Other lifestyle factors like moderate physical activity, meditation, good sleep reduce inflammation as well.

An anti-inflammatory diet will help to combat the following diseases:

  • Metabolic syndrome (precursor to diabetes and cardiovascular disease) – a person is diagnosed with this disease if 3/5 of the following symptoms are present: high blood glucose, high blood pressure, high triglycerides, low HDL, excess abdominal fat. A Mediterranean diet will reduce metabolic syndrome with 25%!.
  • Alzheimer’s disease – a Mediterranean diet had a 48% lower risk of mental degeneration progressing to Alzheimer’s.
  • Cancer – a Mediterranean diet was associated with a 6% reduction in cancer
  • Cardiovascular disease – 9% reduction through a Mediterranean diet.
  • Parkinson’s disease – 13% reduction

To conclude: Most widely feared diseases share a common inflammatory component, which could largely be prevented by an anti-inflammatory diet.


  • 40% VEGETABLES – kale, spinach, broccoli, asparagus, cauliflower, mushrooms, carrots, celery, radishes
  • 20% FRUIT – apples, pears, berries, grapes, melons, mangoes, kiwi
  • 20% PROTEIN – wild caught fish, beans, nuts, seeds, (grass–fed beef/lamb/chicken – 1-2x/ wk)
  • 10-15% COMPLEX CARBS – Quinoa, brown rice, squash, beets, carrots, sweet potatoes
  • 5 -10% FATS AND OILS – avocado, olives, extra virgin olive oil, flaxseed oil, coconut oil

Vegetables occupy most of your plate. It will supply most of your vitamins, minerals, antioxidants, and other phytonutrients.

A variety of colored, antioxidant-rich fruits, will supply the fiber, to slow down your blood sugar. Eat twice as many vegetables as fruits in a day.

The portion of complex carbohydrates includes some of the starchier vegetables, like sweet potatoes, carrots, beets etc as well as whole grains like brown rice and quinoa for energy.
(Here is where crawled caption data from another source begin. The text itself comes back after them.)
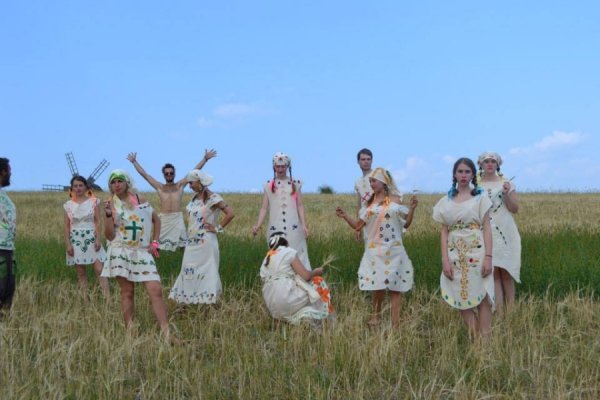 Лучанка влаштувала етно-показ одягу під Києвом. ФОТО. ВІДЕО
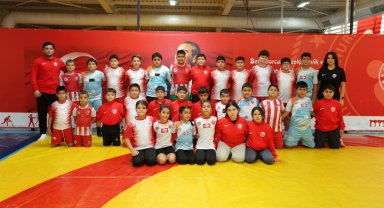 Geleceğin güreşçileri Kepez'de yetişiyor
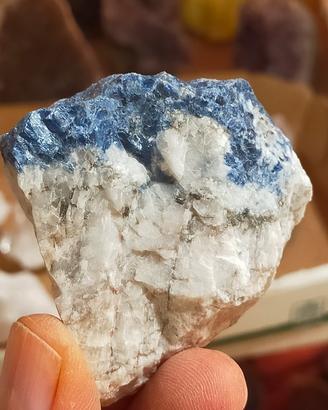 Sodalite grezza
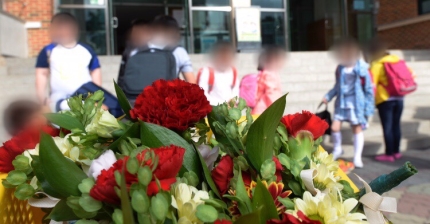 스승의 날인 지난해 5월15일 오전 서울 종로구 창신초등학교에 교육청에서 준비한 카네이션이 놓여 있다./사진=뉴스1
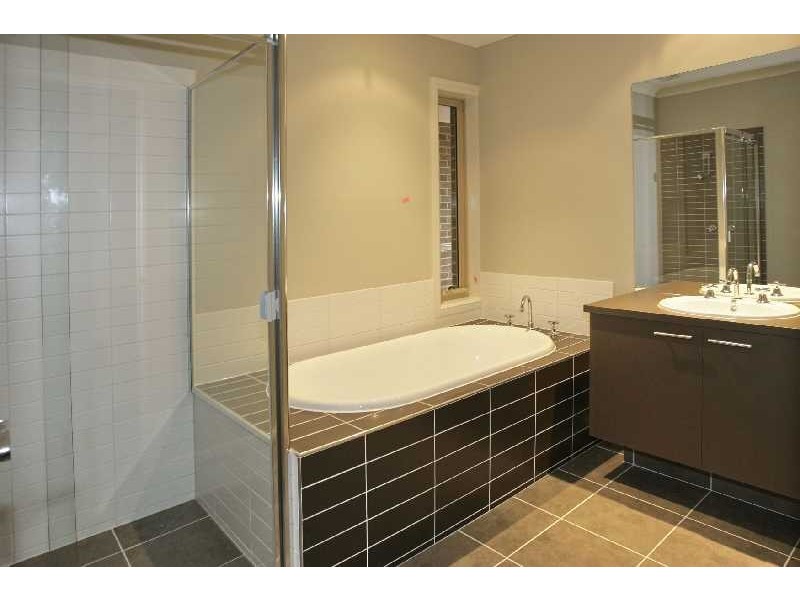 13 Oliver Place, Point Cook VIC 3030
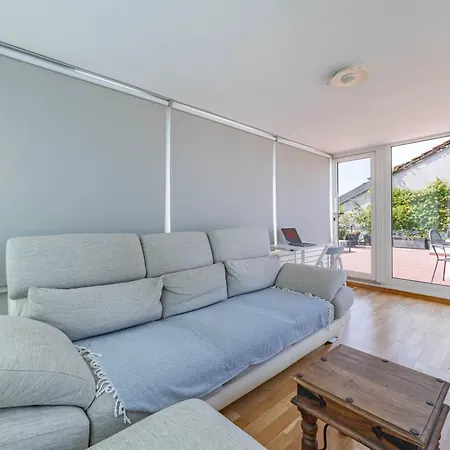 10' Navigli, Penthouse With Panoramic View *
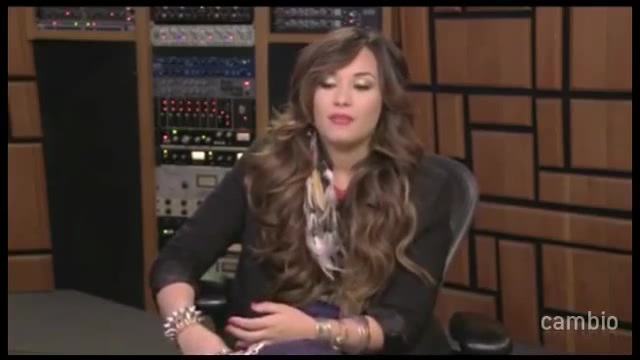 Live Chat w_ Demi Lovato 21 July 2011 Part 1 0326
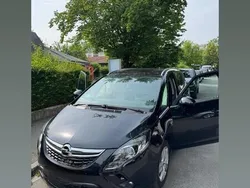 Schwarz Gebraucht 2016 Opel Zafira Van / Kleinbus | 9.000 € (Guter Preis)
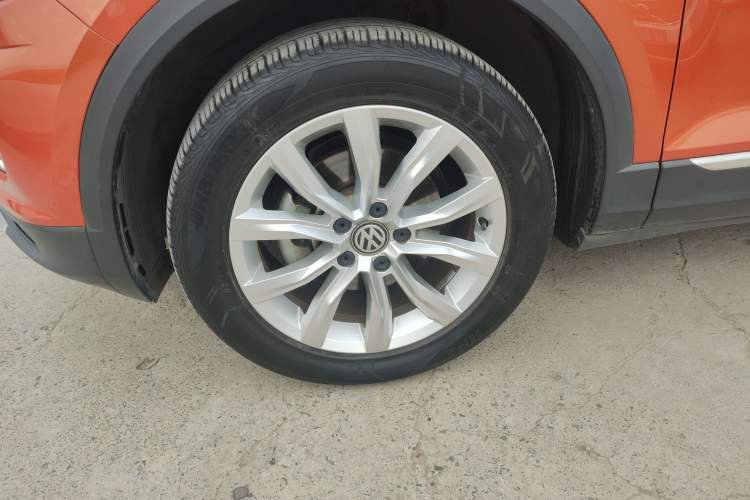 Used Volkswagen T-ROC 2018 280TSI DSG Two-Wheel Drive Advanced Version China V Emission Standard Left Front Wheel Hub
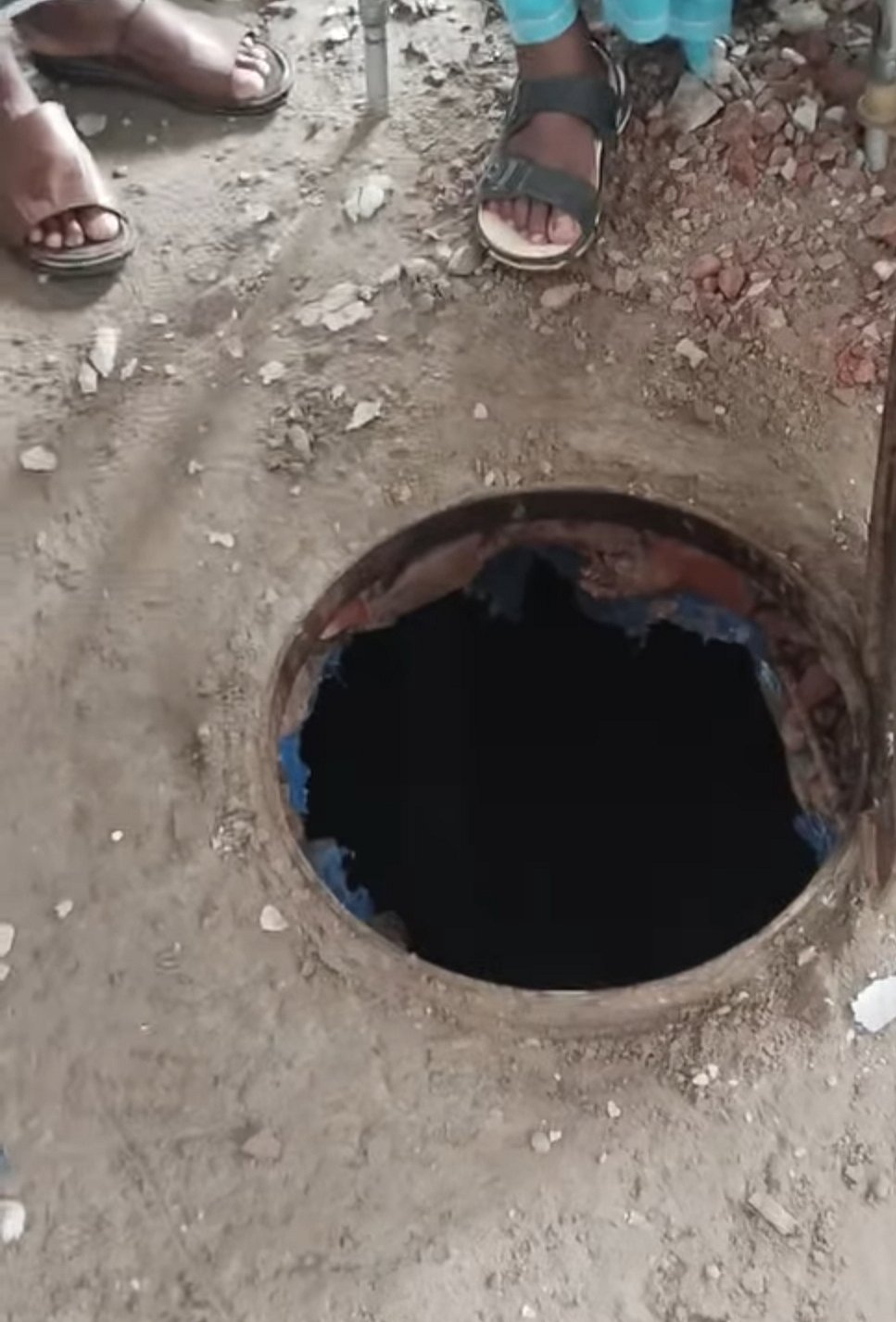 নির্মাণকাজ শেষে পানির রিজার্ভ ট্যাংকের ভেতরে নেমে কাঠ ও বাঁশের কাঠামো অপসারণ করতে নির্মাণশ্রমিকের মৃত্যু হয়। ফরিদপুরের ভাঙ্গা পৌর শহরের সিনিয়র সহকারী জজ আদালত চত্বরের পাশে নির্মাণাধীন মাছবাজারে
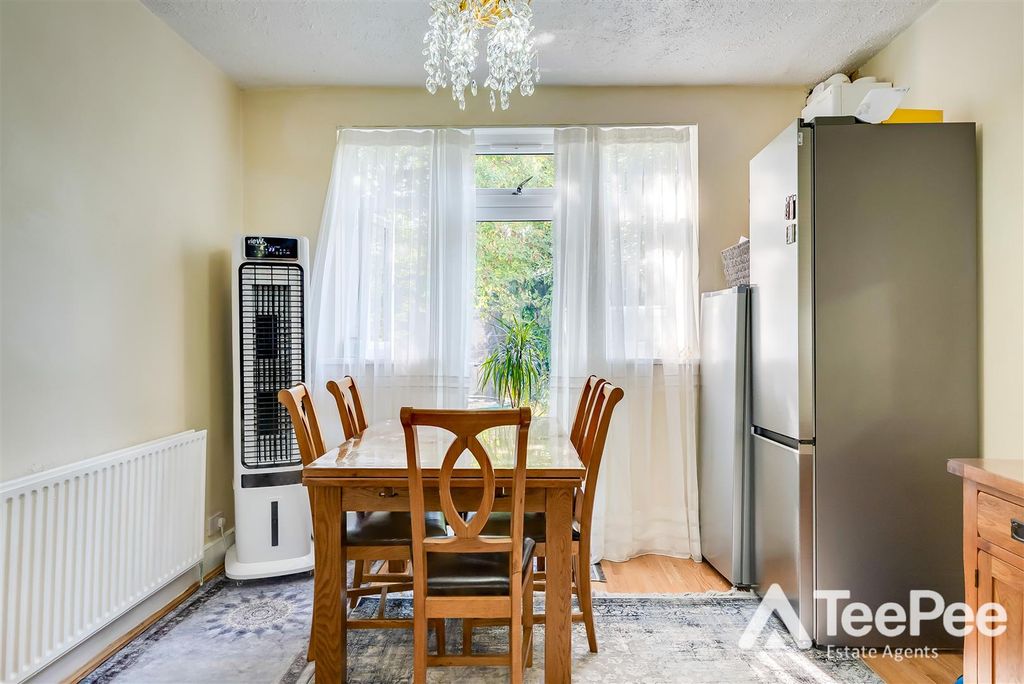 Property photo 3 of 17 A7S09192Hdr.Jpg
When eating a more plant-based diet, include whole grains in combination with beans to get your protein needs met.

The best anti-inflammatory protein is fish, but grass-fed beef, lamb and free range poultry are acceptable in small amounts. Vegetarian protein sources include legumes, nuts and seeds. Note: soy is one of the top food allergens!.

The fats and oils are those that contain omega-3’s and other phytosterols that are part of the anti-inflammatory pathways in the body. Fat can help you to feel satiated and decrease overeating.